Chapter 5 Brachioplasty with liposuction resection
The female arm has a smoothly full but adherent skin covering that reflects the underlying musculature. The sensuous and undulating axillary hollow is created by retention of strands of fascia emanating from the chest wall to the clavipectoral fascia.
Aging as well as weight loss lead to undesirable excess skin and fat. When severe, the hanging skin is hard to cover and painful during waving. There is a canopy-like sagging of the posterior upper arm, which can be weighted down further by excessive adipose. The posterior arm junction to the chest descends, creating a broad wing-like attachment. The lateral chest has transversely oriented sagging rolls of skin lateral to the breast.
The operative strategy relates to the magnitude of deformity.1 For the vast majority of presentations, arm skin reduction surgery is needed from the axilla to elbow.2–4 Experience with severe arm and upper body deformity after massive weight loss (MWL) led to the design of the inclusive L-brachioplasty, so named for the L shaped pattern of excision with the long limb from the elbow to the axilla and the short limb extending at right angles through the axilla and along the lateral chest.5,6
Suitable candidates for L-brachioplasty desire correction of their excess skin and fat of the arm and axilla and at times the upper lateral chest. These patients accept the possibility of long, possibly hypertrophic scars, asymmetry, inadequate resections, scar contracture across the axilla, delayed wound healing, and the general medical risks inherent in this operation. Poor candidates have excessive adiposity. Arms distended by adiposity, or chronic swelling due to lymphatic and/or venous incompetence are contraindications.
Meticulous surgical markings permit expeditious conservative excision of the excess skin and fat, leaving symmetrical closures. The free hand markings are followed by linear distance measurements, creating equal lengths of anterior and posterior incision lines. Thus, there should be little need for intraoperative skin adjustment, except for the heavier, adipose laden arms, requiring considerable liposuction (see video demonstration). At the time of closure, if the resection proves to be inadequate then another centimeter excision along either resection line perimeter can be performed.
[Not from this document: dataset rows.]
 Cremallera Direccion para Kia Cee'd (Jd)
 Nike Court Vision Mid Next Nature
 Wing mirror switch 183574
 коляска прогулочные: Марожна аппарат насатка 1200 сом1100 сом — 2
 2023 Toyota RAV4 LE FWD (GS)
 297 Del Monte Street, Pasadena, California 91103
The L-brachioplasty marking begins with a hemi-elliptical skin excision of the medial arm, with the anterior straight line at or slightly above the bicipital groove and the descending curved line along the posterior arm. The six critical points are found with the patient’s arm abducted and the forearm flexed 90°. Ink dots are made at point 1 at the deltopectoral groove, point 2 at the widest portion of the mid arm near the bicipital groove, and point 3 the termination of the brachioplasty about the medial elbow or beyond. The straight or slight bowed line connecting these points is the anterior incision line (Fig. 5.1). The width of the mid-arm excision is determined next by gathering and pinching excess skin and fat posterior to the mid-arm point 2 to mark point 4 along the mid-posterior margin of the arm (Fig. 5.1, upper). With the arm raised and the skin put on stretch, a straight line is drawn from that widest posterior arm point 4 to meet the anterior line termination at point 3. The proximal portion of the posterior incision line is then drawn by finding the critical point 5 that can be advanced to the deltopectoral point 1. Pinching the approximation of point 5 to the deltopectoral groove point 1 advances the posterior axillary fold to tightly suspend the posterior arm (Fig. 5.1, lower). So far an incomplete hemi-ellipse has been drawn. The anterior incision from deltopectoral groove point 1 to the elbow point 3 is measured by tape measure to confirm it is equal in length to the curved posterior incision from elbow point 3 to the advancement point 5. With the arm extended, the posterior line continues across the axilla, staying several centimeters away from the posterior axillary fold to descend to a tapered lateral chest point 6 as the posterior incision line of the lateral chest. The length of this line (points 5 to 6) will vary according to the skin laxity and rolls of the lateral chest. A line roughly perpendicular to 1–3 descends from the deltopectoral groove through the axilla and posterior to the lateral pectoral fold to taper to point 6. The skin excision between these last two lines (5–6 and 1–6) removes the excess skin of the axilla and lateral chest (Fig. 5.2).
The ink dots 1–6 are placed sequentially freehand as described in the text. The dots are connected to create upper arm hemi-elliptical and lateral chest elliptical excisions. After the lines are drawn the linear distances are measured and adjusted so that 1–3 equals the distance from 3–5, and the distance 5–6 equals the distance from 1–6. Inset shows that the outstretched arm better demonstrates these relationships. If the arm deformities are symmetrical then these measured distances, as well as the width from point 2 to point 4, will be the same or otherwise adjusted.
FIG. 5.2 (A) The advancement point 5 is being dotted with a surgical marker, as it is found along the posterior incision line by pinch approximation to the deltopectoral groove. (B) Connecting the dots point 4 to point 5 completes the descending limb of the hemi-ellipse.